Put your legs up or whatever. I don't care. Here, I'll put mine up. That'll make you all feel better. How's that? I'll stop pretty soon. When I was in the second grade, my lowest grade was talks out of turn in class. And it hasn't gotten any better. Anybody who knows me knows that. Well, I'll try to wind up and then we can have some questions. I realize that I have left the Bajang story unfinished, so let's finish that. No, I didn't forget. I'm pretty good at remembering the things that I said five minutes ago most of the time. There's more to the story, but that's really the main part of the story. He says things like, out of compassion for his very good friend, Bajang Matsu, who was probably the greatest Zen teacher ever, arguably, said,

[53:12]

well, when a horse cart doesn't go, do you whip the horse or do you whip the cart? If you put your arms around the same story, which is what Dogen, whose birthday it is today, said in one of his fascicles, it's kind of like a fish looking for where the water is. You know, Bajang, I want to become a Buddha. And it's not enough to say, well, gosh, Bajang, you're already a Buddha. Isn't that neat? He doesn't feel that way. And if he thinks that he is, that's not right either. So, what does he do? The way to work with these stories, just as we work with the Heart Sutra, is you bring it in to yourself and you enact it in your own experience, in your own body.

[54:13]

So, we become Bajang. We become Avalokiteshvara. We take the whole thing very seriously, but at the same time, we don't get weighed down by it. If you walk around with the weight of six billion cries on your shoulders, you'll collapse. So, that isn't the right way to hear it either. Somehow, Avalokiteshvara is able to work with the whole situation.
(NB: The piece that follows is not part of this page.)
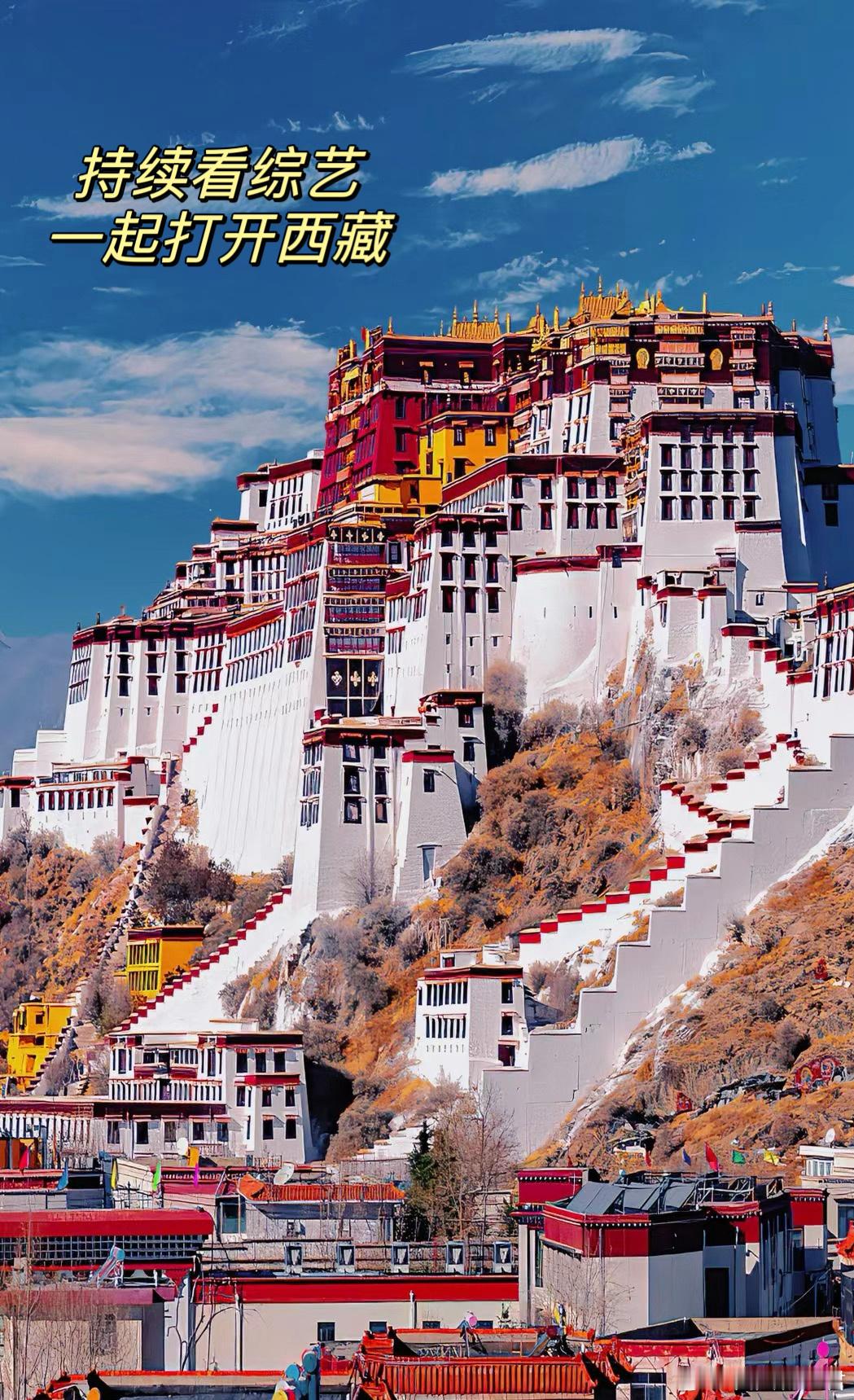 #指尖上的西藏# 求问：西藏带来的文化冲击还有多少！又发现一枚#西藏之星# 指尖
And you look at all these tools, of all these arms, and you realize this is a being that isn't just listening to the cries and saying, oh, how terrible there are cries. She has all these tools, so she's out there. She's in the situation. She's in the world. And, to finish up, just the last thing is, you know, I was like you. I wanted to be a monk. I wanted to replicate the authentic experience that I'd read about of this great wisdom tradition called Buddhism, called Zen. And that's necessary.

[55:14]

Anybody who thinks you can thoroughly understand the standpoint of Avalokiteshvara or Matsu or Baijong without doing that, it's not so easy. But at the same time, the monastery isn't the end of it. You know, the monastery is a place where you can kind of train your ear. But eventually, you have to go to some place where people are crying out. And that's the tools. That's the work. That's the work of Avalokiteshvara. There's a tool set. There are implements. And you're in the middle of it. To put it another way, it's the tenth ox-herding picture. You know, the guy in the butcher shop drinking wine. You have to eventually be there. And in fact, it's not a matter of time. One of the messages of the Baijong story is it's not a conveyor belt that starts with guest student and ends with enlightened master.

[56:16]

It doesn't work that way at all. You're not doing zazen to sort of log your cushion time because after a certain number of hours of cushion time, something happens. If anything, time goes backwards. You start from Buddha and work back to where you are. So there's no sense of time in this interchange. Baijong may think so, but that's just his thinking. It isn't the feeling. Feelings don't exactly live in time. They live in a different kind of space. And I guess I'll close by saying that if I had anything to say for you to take away is that Buddhadharma is the best way to say it if you're going to say it at all is it's some kind of a feeling that you can't talk about but it's so basic that it's like water for a fish. And you can't live a fish can't live outside of water. So maybe I've answered the questions you asked me.

[57:21]

I don't know. Usually I guess everybody gets up and stretches their legs and goes into the dining room. I tell you what, why don't I do the formal stuff that I do. My friend has heard enough. And then those of you who want to stay and don't feel you're insulting me by leaving, it's perfectly fine to leave. We'll gather in here which is the only room available and you can sit with your knees up and I will too. And then we'll talk like friends. Okay.